Although it is the third-oldest national park in the world (after Yellowstone in the US and Bogd Khan Uul in Mongolia), I'm not expecting much in the way of wildlife because of the park's proximity to suburbia. Yet there is no shortage of creatures to keep us on our toes: tiger snakes, brown snakes, death adders and red-bellied black snakes thrive in the park, as do 43 species of native mammals and 241 bird varieties.

We wind across carved lunar headlands to Big Marley beach. It is deserted. The sand is soft and siphons into our boots as we stomp through Dharawal country to the next headland. The Aboriginal people of the Dharawal nation called the coves and headlands here home for thousands of years before the area was marked out as a recreation area for colonists and declared a national park in 1879.

We stop for lunch at Wattamolla beach, hemmed in by cliffs and a cluster of waterfalls that drop to the freshwater lagoons on the edge of the beach. There are bins and marked trails here and as we cross the dunes I see evidence of native regeneration. While the natural value of the national park is now apparent, it wasn't always so.

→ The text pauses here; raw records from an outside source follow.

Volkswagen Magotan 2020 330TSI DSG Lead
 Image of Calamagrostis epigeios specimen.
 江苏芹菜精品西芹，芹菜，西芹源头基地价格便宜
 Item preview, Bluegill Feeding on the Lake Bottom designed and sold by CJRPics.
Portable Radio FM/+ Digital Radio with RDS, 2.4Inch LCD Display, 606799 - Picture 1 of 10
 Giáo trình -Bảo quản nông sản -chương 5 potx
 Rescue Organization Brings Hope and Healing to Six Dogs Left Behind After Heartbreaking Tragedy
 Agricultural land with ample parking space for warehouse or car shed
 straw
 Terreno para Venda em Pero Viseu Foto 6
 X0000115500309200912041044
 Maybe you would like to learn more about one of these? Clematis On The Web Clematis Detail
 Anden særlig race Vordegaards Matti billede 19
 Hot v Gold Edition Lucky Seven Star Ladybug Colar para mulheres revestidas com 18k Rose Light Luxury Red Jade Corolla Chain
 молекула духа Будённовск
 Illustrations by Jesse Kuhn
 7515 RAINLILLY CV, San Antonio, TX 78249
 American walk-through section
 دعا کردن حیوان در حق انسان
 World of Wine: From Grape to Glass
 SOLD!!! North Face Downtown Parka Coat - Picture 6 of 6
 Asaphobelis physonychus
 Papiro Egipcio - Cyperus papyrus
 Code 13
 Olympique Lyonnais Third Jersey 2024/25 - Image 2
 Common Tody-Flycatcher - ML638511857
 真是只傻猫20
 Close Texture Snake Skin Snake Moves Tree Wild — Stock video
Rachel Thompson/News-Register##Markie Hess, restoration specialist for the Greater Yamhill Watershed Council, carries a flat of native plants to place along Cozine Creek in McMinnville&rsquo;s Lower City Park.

People, rather than native flora and fauna, were the priority here for many years; the national park seen as a place to enjoy nature - within range of the city. A longing for the "old country" has had detrimental effects, too: as they dreamt of the soft countryside of Mother England, colonists cleared land, displaced bush habitats and planted 3700 ornamental trees. Native trees were logged, and foxes, deer and rabbits introduced to the area for hunters.

Despite those changes, it isn't hard to find pockets of natural beauty. We hop and skip across the rocks of a freshwater stream; I follow the flow and watch as it cascades from cliff to ocean far below. We see a humpback whale and its calf flip and dive below us as we walk along the edge of the park's sandstone cliffs and don't notice the planes circling at sea to our north, waiting to land at Sydney Airport.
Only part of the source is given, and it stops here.